- Tuesday 21 Apr 2020, 09:00 - 17:00
- Spoken Language
- M1-19 (Athene)
- Van der Goot Building
- Campus Woudestein
Sequential decision analytics is the study of making decisions over time under uncertainty. These are the problems at the heart of the transition to automated systems that are being increasingly used in e-commerce, digital transportation, supply chain management, process automation, and robotics.
These problems have been studied by over 15 different communities under names that include dynamic programming (including approximate dynamic programming and reinforcement learning), stochastic programming, stochastic search, stochastic control, and simulation optimization, as well as multiarmed bandit problems and active learning. Each community has evolved its own modeling style and family of algorithms designed for certain classes of applications. As each community has evolved to address a broader range of problems, there has been a consistent pattern of rediscovery of tools that sometimes differ in name only, or modest implementation details.

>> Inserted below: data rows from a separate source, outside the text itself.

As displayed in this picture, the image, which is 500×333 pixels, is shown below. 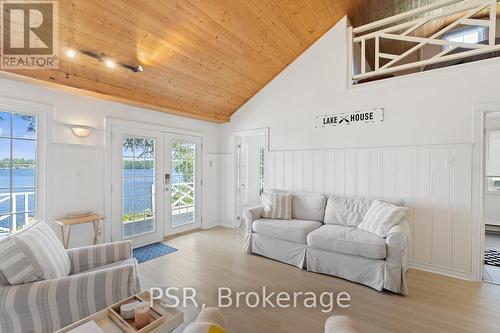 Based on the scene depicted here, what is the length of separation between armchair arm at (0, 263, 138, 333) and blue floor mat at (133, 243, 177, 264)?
1.79m

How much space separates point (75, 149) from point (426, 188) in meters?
4.77

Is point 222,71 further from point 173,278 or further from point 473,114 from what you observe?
point 473,114

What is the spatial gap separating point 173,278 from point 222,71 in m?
3.16

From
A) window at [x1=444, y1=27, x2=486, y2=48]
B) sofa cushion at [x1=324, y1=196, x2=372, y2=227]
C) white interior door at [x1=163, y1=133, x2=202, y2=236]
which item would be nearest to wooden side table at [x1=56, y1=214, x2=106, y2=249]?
white interior door at [x1=163, y1=133, x2=202, y2=236]

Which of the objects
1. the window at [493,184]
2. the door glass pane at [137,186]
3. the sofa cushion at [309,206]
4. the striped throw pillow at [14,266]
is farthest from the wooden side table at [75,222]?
the window at [493,184]

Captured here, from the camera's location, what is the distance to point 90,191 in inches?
134

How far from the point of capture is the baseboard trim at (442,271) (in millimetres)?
2850

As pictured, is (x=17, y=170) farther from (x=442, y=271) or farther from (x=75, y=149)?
(x=442, y=271)

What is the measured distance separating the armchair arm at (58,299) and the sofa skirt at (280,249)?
81.9 inches

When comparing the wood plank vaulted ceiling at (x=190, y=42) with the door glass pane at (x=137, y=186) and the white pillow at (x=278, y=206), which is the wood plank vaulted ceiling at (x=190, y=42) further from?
the white pillow at (x=278, y=206)

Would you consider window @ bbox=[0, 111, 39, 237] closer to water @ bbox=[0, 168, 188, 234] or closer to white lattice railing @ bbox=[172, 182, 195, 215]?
water @ bbox=[0, 168, 188, 234]

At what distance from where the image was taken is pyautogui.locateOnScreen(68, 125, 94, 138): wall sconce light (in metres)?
3.21

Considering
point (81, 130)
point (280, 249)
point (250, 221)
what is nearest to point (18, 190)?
point (81, 130)

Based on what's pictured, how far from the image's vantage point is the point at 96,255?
2115mm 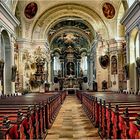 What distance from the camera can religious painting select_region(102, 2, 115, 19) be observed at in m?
23.4

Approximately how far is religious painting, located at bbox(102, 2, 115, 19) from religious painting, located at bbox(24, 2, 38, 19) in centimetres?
549

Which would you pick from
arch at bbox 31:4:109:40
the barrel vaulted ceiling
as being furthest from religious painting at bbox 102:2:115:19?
arch at bbox 31:4:109:40

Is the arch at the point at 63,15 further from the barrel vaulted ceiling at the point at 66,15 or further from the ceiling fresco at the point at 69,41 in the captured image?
the ceiling fresco at the point at 69,41

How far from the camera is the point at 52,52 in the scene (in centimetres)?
3669

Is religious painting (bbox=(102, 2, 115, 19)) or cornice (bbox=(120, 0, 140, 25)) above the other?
religious painting (bbox=(102, 2, 115, 19))

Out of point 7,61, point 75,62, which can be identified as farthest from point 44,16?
point 75,62

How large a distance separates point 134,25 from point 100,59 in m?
9.39

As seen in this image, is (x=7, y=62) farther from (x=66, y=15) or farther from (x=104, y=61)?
(x=66, y=15)

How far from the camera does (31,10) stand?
942 inches

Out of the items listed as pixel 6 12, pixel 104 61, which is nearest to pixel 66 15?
pixel 104 61

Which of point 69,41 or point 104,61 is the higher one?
point 69,41

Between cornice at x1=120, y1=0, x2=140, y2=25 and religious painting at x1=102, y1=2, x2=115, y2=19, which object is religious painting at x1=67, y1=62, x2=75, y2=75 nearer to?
religious painting at x1=102, y1=2, x2=115, y2=19

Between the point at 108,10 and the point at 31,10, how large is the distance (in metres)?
6.17

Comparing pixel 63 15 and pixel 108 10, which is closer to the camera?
pixel 108 10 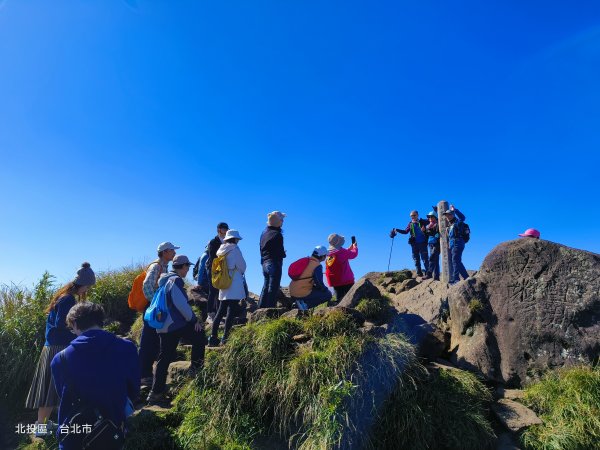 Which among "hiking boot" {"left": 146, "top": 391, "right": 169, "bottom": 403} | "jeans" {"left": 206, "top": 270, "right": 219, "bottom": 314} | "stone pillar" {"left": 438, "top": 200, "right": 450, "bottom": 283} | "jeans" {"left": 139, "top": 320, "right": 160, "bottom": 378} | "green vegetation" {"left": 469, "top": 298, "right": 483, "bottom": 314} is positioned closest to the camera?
"hiking boot" {"left": 146, "top": 391, "right": 169, "bottom": 403}

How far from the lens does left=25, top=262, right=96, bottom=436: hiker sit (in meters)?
6.77

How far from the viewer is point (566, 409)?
6.18 metres

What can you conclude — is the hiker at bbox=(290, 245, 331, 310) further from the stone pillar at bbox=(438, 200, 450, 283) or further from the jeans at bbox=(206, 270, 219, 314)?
the stone pillar at bbox=(438, 200, 450, 283)

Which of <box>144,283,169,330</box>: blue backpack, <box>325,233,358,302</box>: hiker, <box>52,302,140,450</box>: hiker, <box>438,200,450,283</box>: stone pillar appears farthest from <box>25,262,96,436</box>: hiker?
<box>438,200,450,283</box>: stone pillar

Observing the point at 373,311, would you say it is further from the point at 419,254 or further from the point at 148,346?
the point at 419,254

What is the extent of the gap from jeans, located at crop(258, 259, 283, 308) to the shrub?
6.43 meters

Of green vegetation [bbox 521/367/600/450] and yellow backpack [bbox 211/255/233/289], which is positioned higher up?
yellow backpack [bbox 211/255/233/289]

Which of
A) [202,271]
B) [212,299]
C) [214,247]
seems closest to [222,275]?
[214,247]

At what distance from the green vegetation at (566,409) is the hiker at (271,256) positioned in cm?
527

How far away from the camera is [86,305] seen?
480 cm

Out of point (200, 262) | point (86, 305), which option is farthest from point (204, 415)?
point (200, 262)

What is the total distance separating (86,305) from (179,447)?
10.1 feet

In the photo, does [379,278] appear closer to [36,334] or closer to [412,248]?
[412,248]

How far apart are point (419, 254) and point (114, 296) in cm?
1078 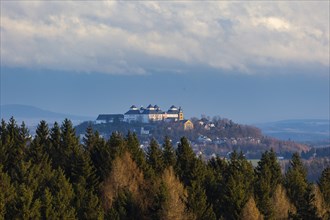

I will represent all of these communities using a single, canonical framework that mirrors the widely used modeling style from deterministic math programming or optimal control. The key difference when introducing uncertainty is the need to optimize over policies. I will show that all the solution strategies suggested by the research literature, in addition to some that are widely used in practice, can be organized into four fundamental classes. One of these classes, which we call “parametric cost function approximations,” is widely used in practice, but has been largely overlooked by the academic community. These ideas will be illustrated using a variety of applications.
This material will be covered in an intense, one-day short course. The only prerequisite is a course in probability and statistics. Extensive supporting material, including an undergraduate-level online book and a graduate level book (but written for a broad audience) available at jungle.princeton.edu.
Deadline for registration is 15 April by using the registration form.
|08:45-09:00||Welcome and introduction|
|09:00-10:20||Part 1 of the lecture|
|10:30-12:00||Part 2 of the lecture|
|12:00-13:30||Lunch on the campus|
|13:30-15:00||Part 3 of the lecture|
|15:15-17:00||Part 4 of the lecture|
Warren Powell is a faculty member in the Department of Operations Research and Financial Engineering at Princeton University where he has taught since 1981. In 1990, he founded CASTLE Laboratory which spans research in computational stochastic optimization with applications initially in transportation and logistics. In 2011, he founded the Princeton laboratory for ENergy Systems Analysis (PENSA) to tackle the rich array of problems in energy systems analysis. In 2013, this morphed into "CASTLE Labs," focusing on computational stochastic optimization and learning.
He has started two consulting firms: Princeton Transportation Consulting Group (1988) and Transport Dynamics (1995), but he has continued to do his developmental work through CASTLE Laboratory at Princeton University, where he has worked with the leading companies in less-than-truckload trucking (Yellow Freight System), parcel shipping (United Parcel Service), truckload trucking (Schneider National), rail (primarily Norfolk Southern Railway), air (Netjets and Embraer), as well as the Air Mobility Command. As he moved into energy, he has worked with PJM Interconnections (the grid operator for the mid-Atlantic states), and PSE&G (the utility that serves 75 percent of New Jersey).
Motivated by these applications, he developed a method for bridging dynamic programming with math programming to solve very high-dimensional stochastic, dynamic programs using the modeling and algorithmic framework of approximate dynamic programming. This work has been used in a variety of applications including fleet management at Schneider National, the SMART energy resource planning model (175,000 time periods), and locomotive optimization at Norfolk Southern. He identified four fundamental classes of policies for solving sequential decision problems, integrating fields such as stochastic programming, dynamic prograrmming (including approximate dynamic programming/reinforcement learning), robust optimization, optimal control and stochastic search (to name a few). This work identified a new class of policy called a parametric cost function. His work in industry is balanced by contributions to the theory of stochastic optimization, and machine learning.
He has been the recipient of many prestigious awards throughout his career to name a few: Recipient Docteur Honoris Causa from the University of Quebec in Montreal in 2013. Winner, Daniel Wagner Prize for extending approximate dynamic programming to very high-dimensional problems for Schneider National. Best Paper Prize from the Society for Transportation Science and Logistics (once for this problem, and once for our ADP model for locomotive management at Norfolk Southern). His students have won many awards (Dantzig Prize for best dissertation in Operations Research, several winners of the Transportation Science dissertation prize, Doing Good with Good OR Competition honorable mention, Nicholson Prize finalist). Finalist in the prestigious Edelman competition in 1987 and 1991. Informs Fellows Award, Presidential Young Investigator Award.